Je n’en soulèverai pour l’heure que quelques-uns, me réservant d’entrer davantage dans les détails lors de la présentation de l’amendement que nous avons déposé à cet article 31.

L’un des dangers de cette procédure concerne le droit du travail, puisque seuls les avocats pourront assister les parties : les défenseurs syndicaux se retrouvent de fait dans l’impossibilité de protéger des salariés, ce qui ne nous étonne absolument pas, puisque le Gouvernement souhaite que le règlement des conflits du travail se fasse entre personnes privées.

Par ailleurs, cette procédure sera coûteuse, car le temps de conseil assuré par l’avocat sera plus important : elle ne sera, en fait, réservée qu’à ceux qui en auront les moyens.

Il aurait donc fallu présenter cette réforme à un stade de réflexion plus abouti et laisser le temps aux parlementaires de faire des propositions constructives en sa faveur.

Ma dernière remarque concerne la fusion entre les professions d’avocat et de conseil en propriété industrielle, introduite par M. le rapporteur en commission des lois.

Ce n’est pas la première fois que la majorité tente d’imposer cette fusion en catimini : lors de l’examen du projet de loi visant à adapter le droit des sociétés au droit communautaire, le Gouvernement avait déposé un amendement l’autorisant à procéder à cette fusion par ordonnances, amendement retiré in extremis avant la séance.
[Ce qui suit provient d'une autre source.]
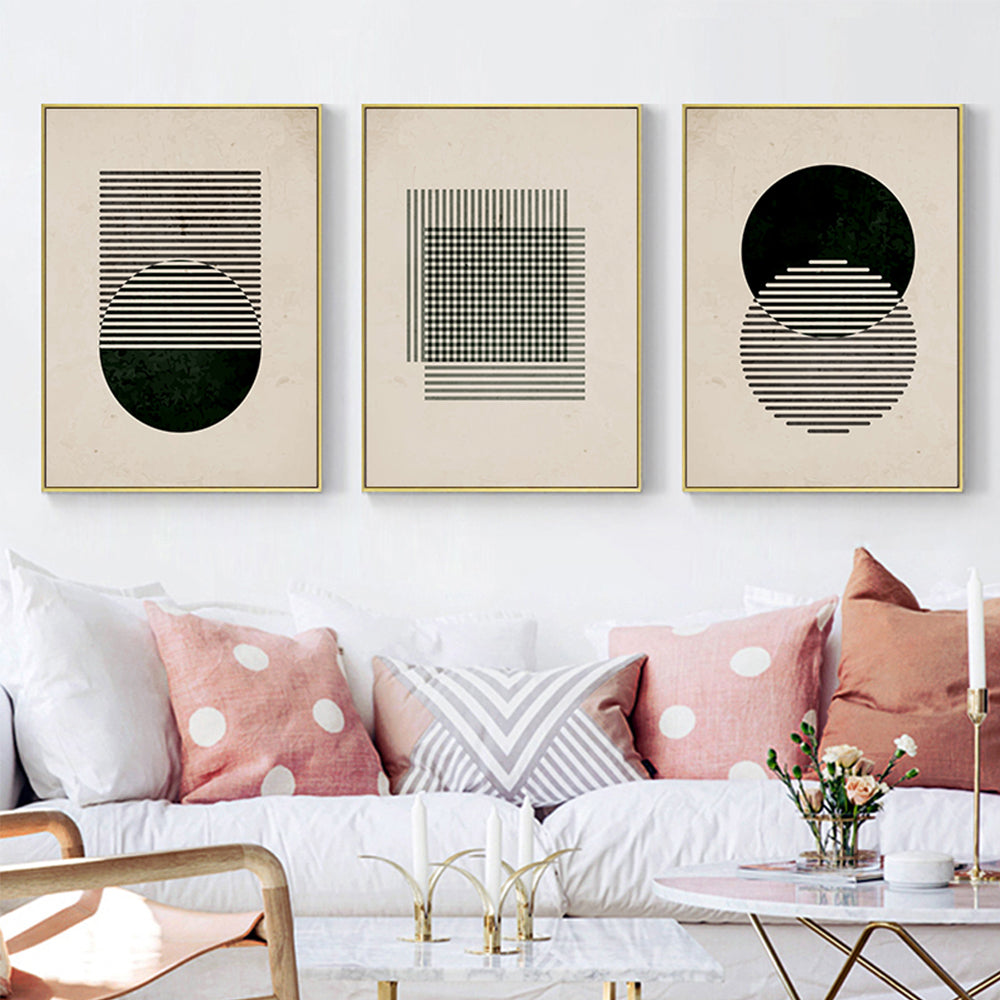 abstract black and white wall art displayed in neutral interior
Il convient également de souligner que cette fusion fait partie des thèmes de réflexion de la commission Darrois, mise en place par le Président de la République le 30 juin dernier, et chargée de créer une « grande profession du droit ».

Cette commission n’a pas encore rendu son rapport. M. François Zocchetto, notre rapporteur, qui en est membre, n’a pas pu attendre plus longtemps et a donc introduit un projet de fusion des deux professions dans cette proposition de loi. La méthode est plus que douteuse, et c’est pourquoi nous avons également déposé un amendement de suppression de l’article 32.
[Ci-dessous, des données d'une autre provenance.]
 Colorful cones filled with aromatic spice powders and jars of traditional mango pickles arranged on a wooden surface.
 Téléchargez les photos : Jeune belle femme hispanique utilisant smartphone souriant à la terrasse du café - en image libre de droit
En conclusion, je tiens à le dire, ces différentes modifications éparses et disparates traduisent une logique rampante de transfert d’une partie du contentieux, qui, sans doute, s’inscrit dans la droite ligne de la diminution du nombre de tribunaux et, donc, des moyens de la justice, en négociation entre les parties.
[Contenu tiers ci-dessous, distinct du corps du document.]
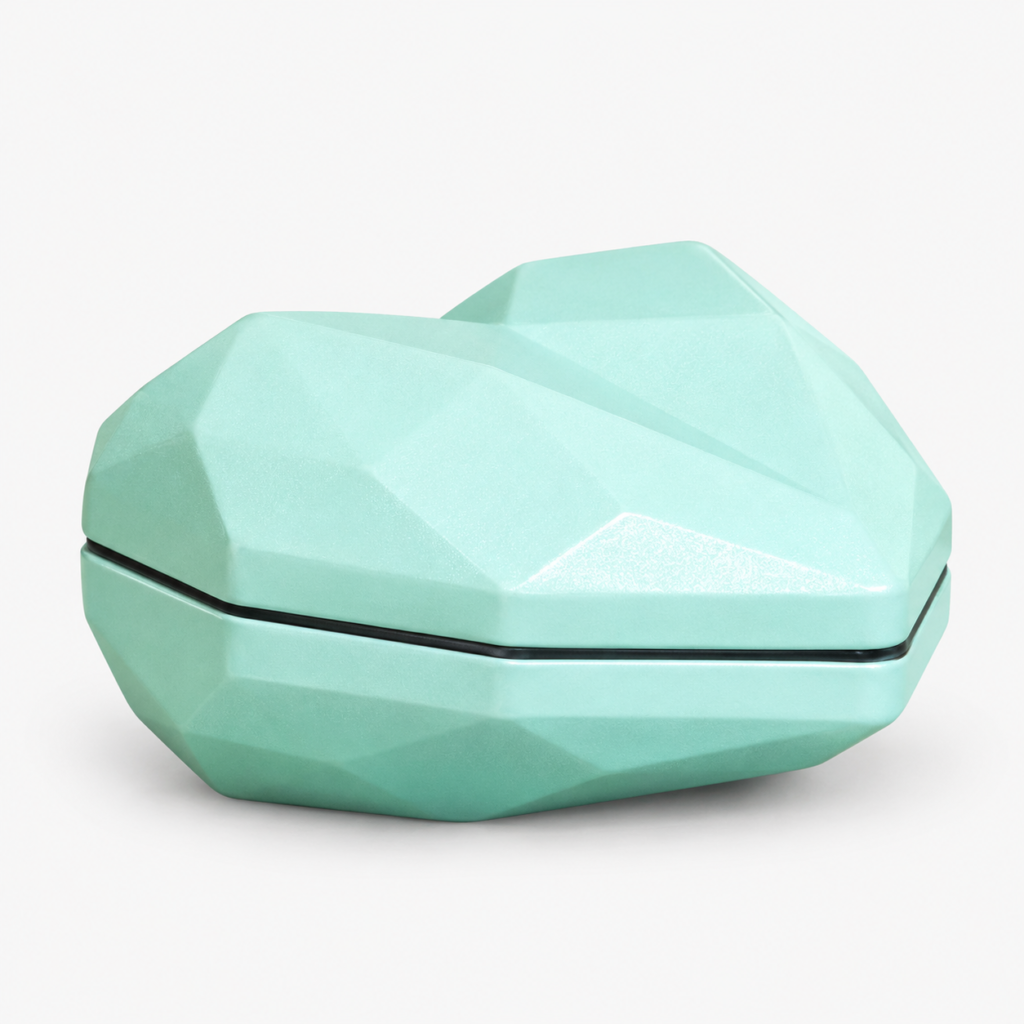 Mint-green tin with a faceted geometric shape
Comme cela a été dit, les négociations, les médiations et les conciliations sont tout à fait possibles aujourd'hui dans notre droit, mais sous contrôle des tribunaux.

Ce que vous voulez, ce sont des arbitrages totalement privés, ce qui entraînera des inégalités entre les parties, selon les moyens financiers dont elles disposeront pour assurer leur défense.

Peut-être est-ce une contrepartie donnée aux avocats, mécontents de la suppression de nombre de tribunaux d’instance ? Cependant, je le précise il ne s’agit pas des mêmes avocats ? Ceux que vous voulez satisfaire, ce sont non pas les « avocats à la française », mais ceux des grands cabinets d’avocats, pour qu’ils puissent concurrencer les cabinets étrangers qui s’installent sur notre territoire et qui drainent déjà une partie des affaires lucratives.

Votre conception de la justice n’est pas la nôtre. Elle est très dangereuse et, en tout cas, contraire à l’égalité des citoyens devant la justice. Nous tenons au service public. C’est pourquoi nous nous battons pour que le service public de la justice dispose des moyens lui permettant de continuer à fonctionner. Nous n’entendons pas le brader aux grands cabinets privés.